As we see above, we use a dictionary inside the memoize overloads and the way generics works, a dictionary will live inside each overloaded method accepting a different count of generic type parameters. We also provide a keyGenerator method that must be supplied to specify how we build up a unique key that we decide how we shall key each results from the given set of parameter(s). Note that we return here a function result, that is a func, that returns TOut and accepts the specified parameters in each overload. T1 or T1,T2 or T1,T2,T3 or T1,T2,T3,T4 and so on. Expanding the methods above to for example 16 parameters would be fairly easy, the code above shows how we can add support for more and more parameters. I believe you should avoid methods with more than 7 parameters,
but the code above should be clear. We return a func and we also accept also a func which returns TOut and same amount of parameters of same types T1,.. in each overload. Okay, next up an example how we can use this memoize function in the main method.

Program.cs


void Main()
{
    var movieStore = new MovieStore();
    
    //string actors = movieStore.GetActorsByMovieTitle("Starship troopers");
    //actors.Dump("Starship Troopers - Actors");
    //
    //Demo of memoized function
    
    var GetActorsByMovieTitle = ((string movieTitle) => movieStore.GetActorsByMovieTitle(movieTitle));
    var GetActorsByMovieTitleM = GetActorsByMovieTitle.Memoize(x => x);
    
    var starShipTroopersActors1 = GetActorsByMovieTitleM("Starship troopers");
    starShipTroopersActors1.Dump("Starship troopers - Call to method #1 time");
    var starShipTroopersActors2 = GetActorsByMovieTitleM("Starship troopers");
    starShipTroopersActors2.Dump("Starship troopers - Call to method #2 time");
    var starShipTroopersActors3 = GetActorsByMovieTitleM("Starship troopers");
    starShipTroopersActors3.Dump("Starship troopers - Call to method #3 time");
}


Note that in the test case above we send in one parameter T1 of type string, which is a movie title and we declare a func variable first using a lambda. We have to do the memoization in two declarations here and we use the convention that we suffix the memoized function with 'M' for 'Memoize'

Program.cs


void Main()
{
    var movieStore = new MovieStore();    
    var GetActorsByMovieTitle = ((string movieTitle) => movieStore.GetActorsByMovieTitle(movieTitle));
    var GetActorsByMovieTitleM = GetActorsByMovieTitle.Memoize(x => x);

The code has added a Console.WriteLine in the method which is memoized to check how many times the method is actually called or the cached result is returned instead.

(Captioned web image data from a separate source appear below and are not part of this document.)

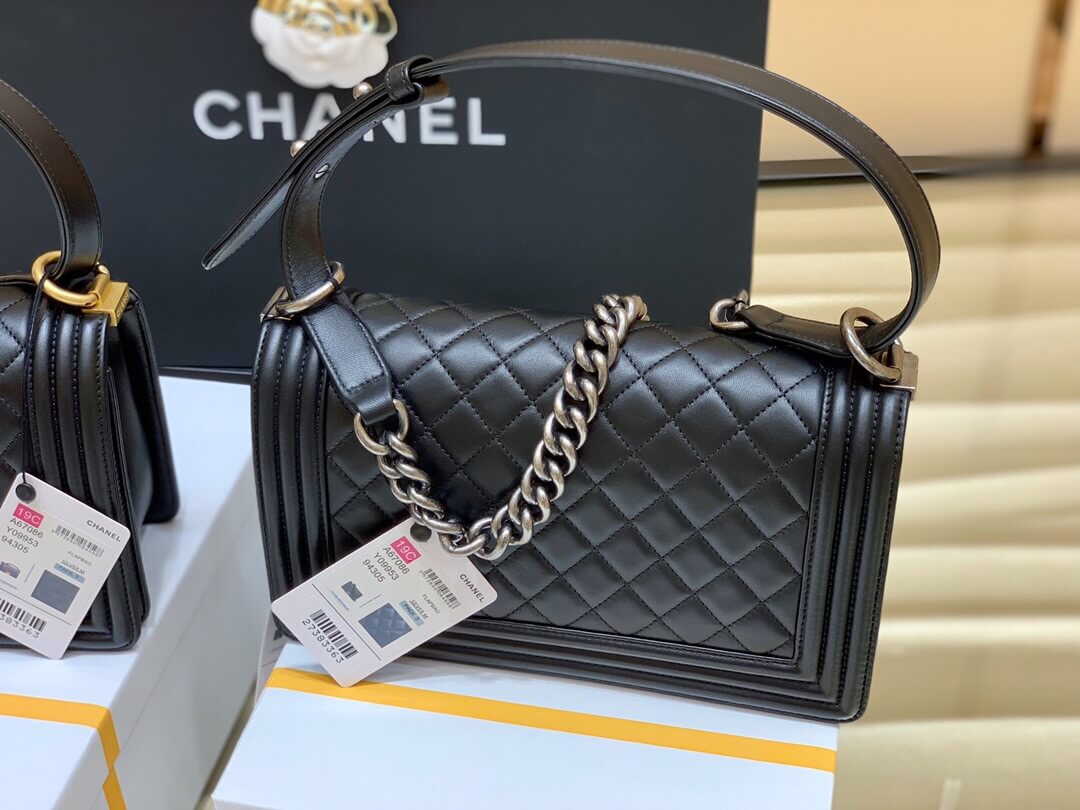 Chanel Leboy 25 A67086黑色羊皮银扣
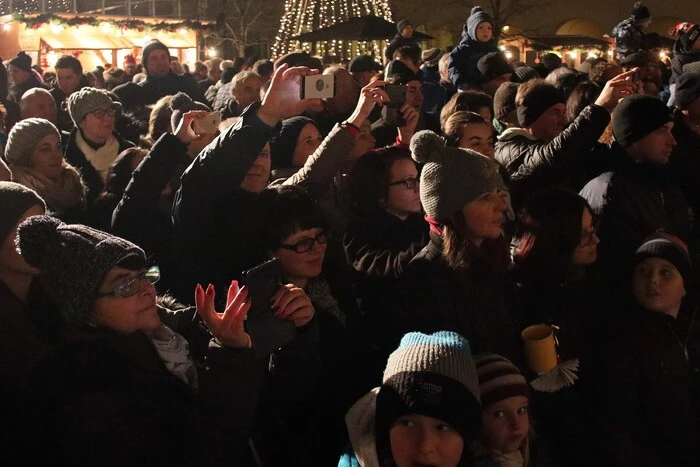 Hunderte Besucher kamen zur Eröffnung des Jauntaler Advants im Stift Eberndorf.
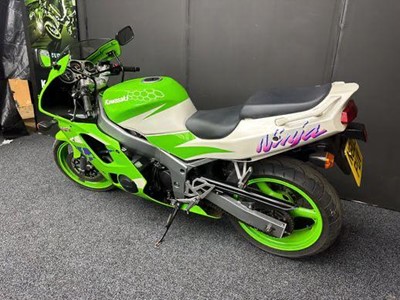 Lot 207 - 1996 Kawasaki ZX6R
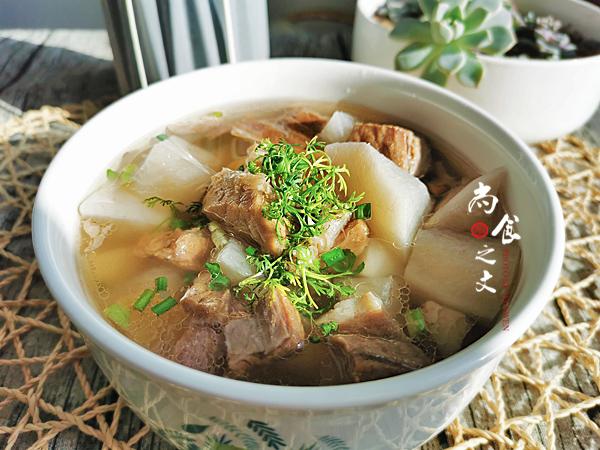 牛腩這樣燉，才是真正的清湯牛腩哦～的做法-咸鮮味燉菜譜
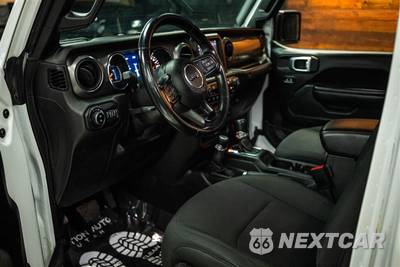 2021 Jeep Gladiator Willys Crew Cab Medium Bed - zdjęcie 8 z 25 - miniatura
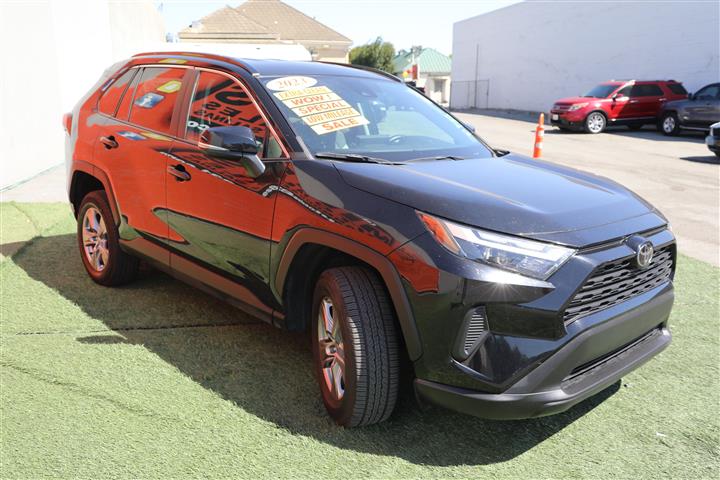 $28999 : 2022 TOYOTA RAV4 XLE image 3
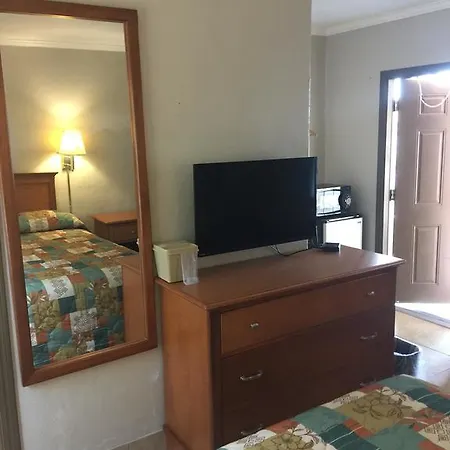 Campbell Motel-3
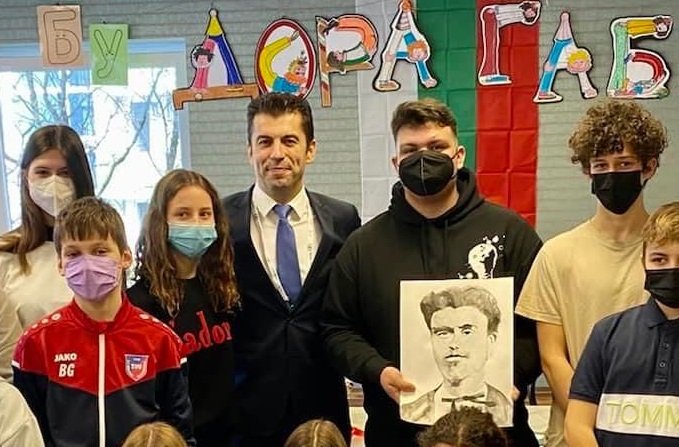 премиерът петков срещна български ученици мюнхен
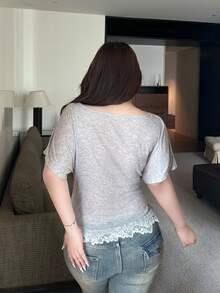 Vibekara Plus Size Women's T-Shirt Top, Lace Patchwork Casual Comfortable Cinched Waist Drop Shoulder Tee, Suitable For Spring & Summer - Grey - View 2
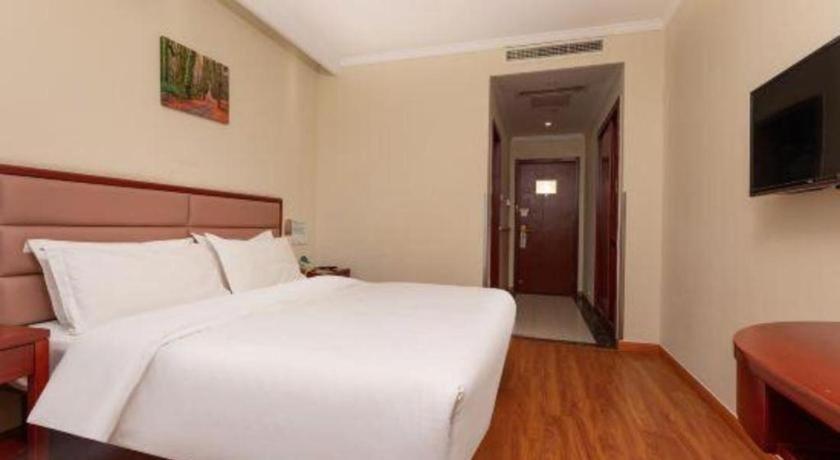Greentree Inn Suzhou Railway Station North Square Haobainian Wedding Dress City Express Hotel Extérieur photo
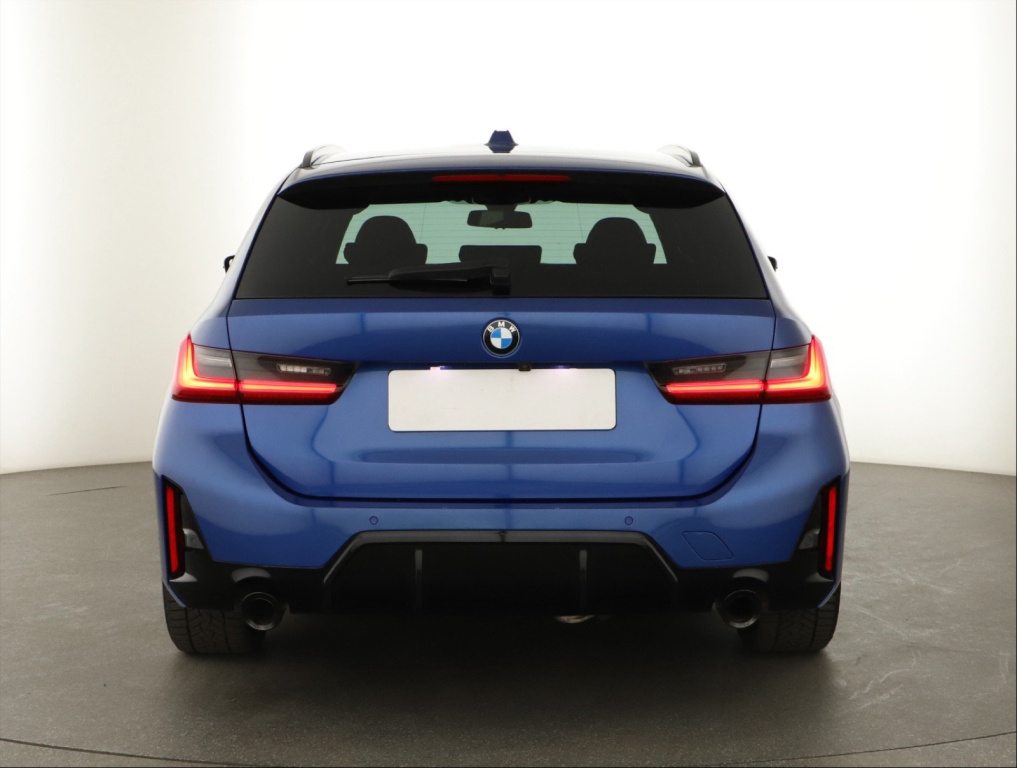 BMW 3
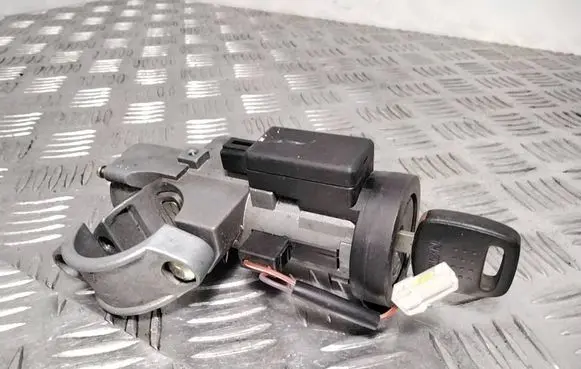 Nissan Primera Ignition lock 3897 8141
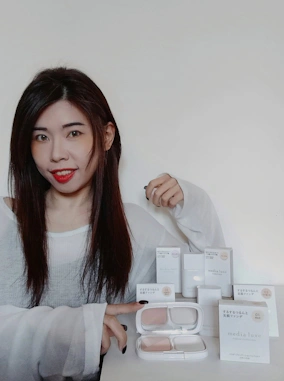 media luxe媚點雪紡親膚粉餅_00粉嫩色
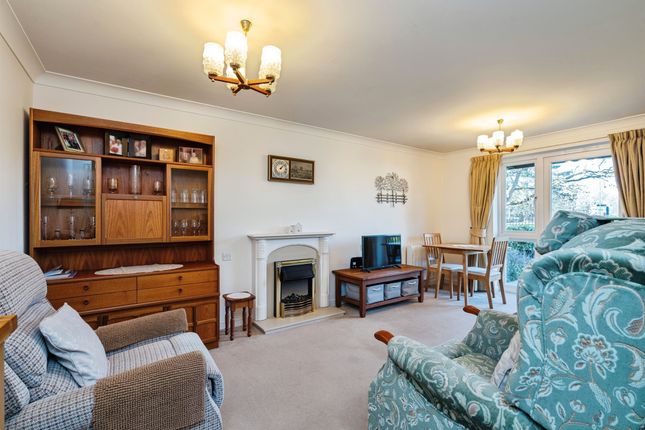 9, Hanbury Court, Thetford photo 2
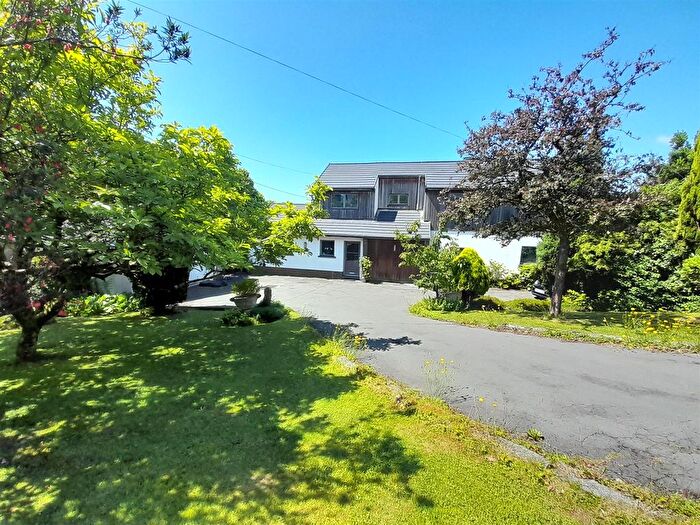 4 Bedroom Detached House For Sale In Penyfai Lane, Llanelli, SA15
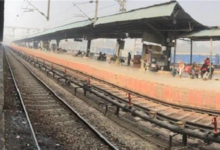 Photo of वंदे भारत एक्सप्रेस सहित ट्रेने घंटों लेट, यात्री परेशान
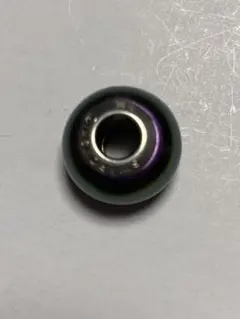 SWAROVSKI グリーンパープルのクリスタル製チャーム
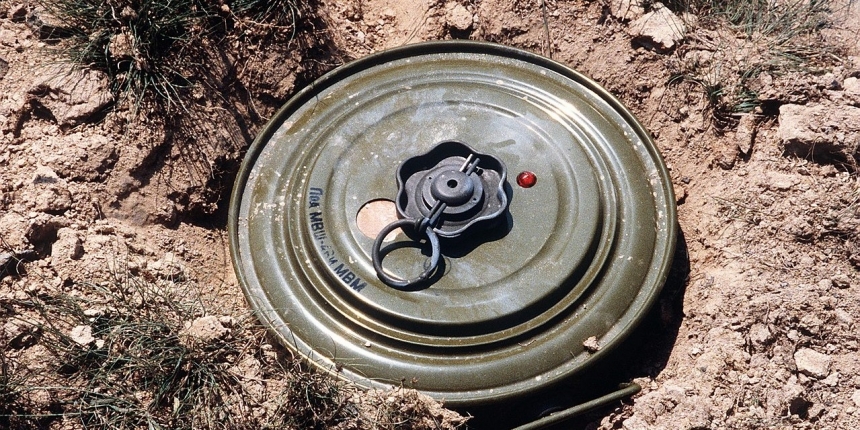 Спасатели показали мины, на которые можно наткнуться в Украине
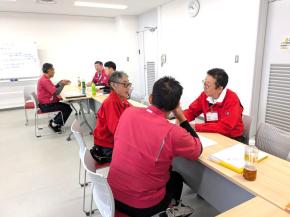 更なる品質向上に向け、各自の体験談を共有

A run in Linqpad 7 is shown in screenshot below, showing that the output is cached correct. Note that if we wanted a thread implementation, we could instead use ConcurrentDictionary for example. The following methods show how we can do this. We exchanged Dictionary with ConcurrentDictionary and exchanged Add with TryAdd method of ConcurrentDictionary.

Program.cs


	public static Func<T1, TOut> MemoizeV2<T1, TOut>(this Func<T1, TOut> @this, Func<T1, string> keyGenerator)
	{
		var dict = new ConcurrentDictionary<string, TOut>();
		return x =>
		{
			string key = keyGenerator(x);
			if (!dict.ContainsKey(key))
			{
				dict.TryAdd(key, @this(x));
			}
			return dict[key];
		};
	}
	public static Func<T1, T2, TOut> MemoizeV2<T1, T2, TOut>(this Func<T1, T2, TOut> @this, Func<T1, T2, string> keyGenerator)
	{
		var dict = new ConcurrentDictionary<string, TOut>();
		return (x, y) =>
		{
			string key = keyGenerator(x, y);
			if (!dict.ContainsKey(key))
			{
				dict.TryAdd(key, @this(x, y));
			}
			return dict[key];
		};
	}
	public static Func<T1, T2, T3, TOut> MemoizeV2<T1, T2, T3, TOut>(this Func<T1, T2, T3, TOut> @this, Func<T1, T2, T3, string> keyGenerator)
	{
		var dict = new ConcurrentDictionary<string, TOut>();
		return (x, y, z) =>
		{
			string key = keyGenerator(x, y, z);
			if (!dict.ContainsKey(key))
			{
				dict.TryAdd(key, @this(x, y, z));
			}
			return dict[key];
		};
	}
	public static Func<T1, T2, T3, T4, TOut> MemoizeV2<T1, T2, T3, T4, TOut>(this Func<T1, T2, T3, T4, TOut> @this, Func<T1, T2, T3, T4, string> keyGenerator)
	{
		var dict = new ConcurrentDictionary<string, TOut>();
		return (x, y, z, w) =>
		{
			string key = keyGenerator(x, y, z, w);
			if (!dict.ContainsKey(key))
			{
				dict.TryAdd(key, @this(x, y, z, w));
			}
			return dict[key];
		};
	}


Hopefully, memoize or the process of memoization should be clearer now. It is a call based caching technique used preferably for pure functions / methods that has the same or equivalent result given a set of input parameter(s) and we memoize the function / method and cache the results. When used inside e.g. a singleton, we can cache longer time in memory and achieve performance boosts. You could do the same of course using a static variable, but the memoize technique is more generic purpose and is a pattern that is used in many programming languages. F# usually got way better support for functional programming than C#, but actually lacks a built in memoization functionality. Other languages do support memoization built in, such as in Python and LISP. The following screen shot shows a run of memoization above, I used ConcurrentDictionary when I tested.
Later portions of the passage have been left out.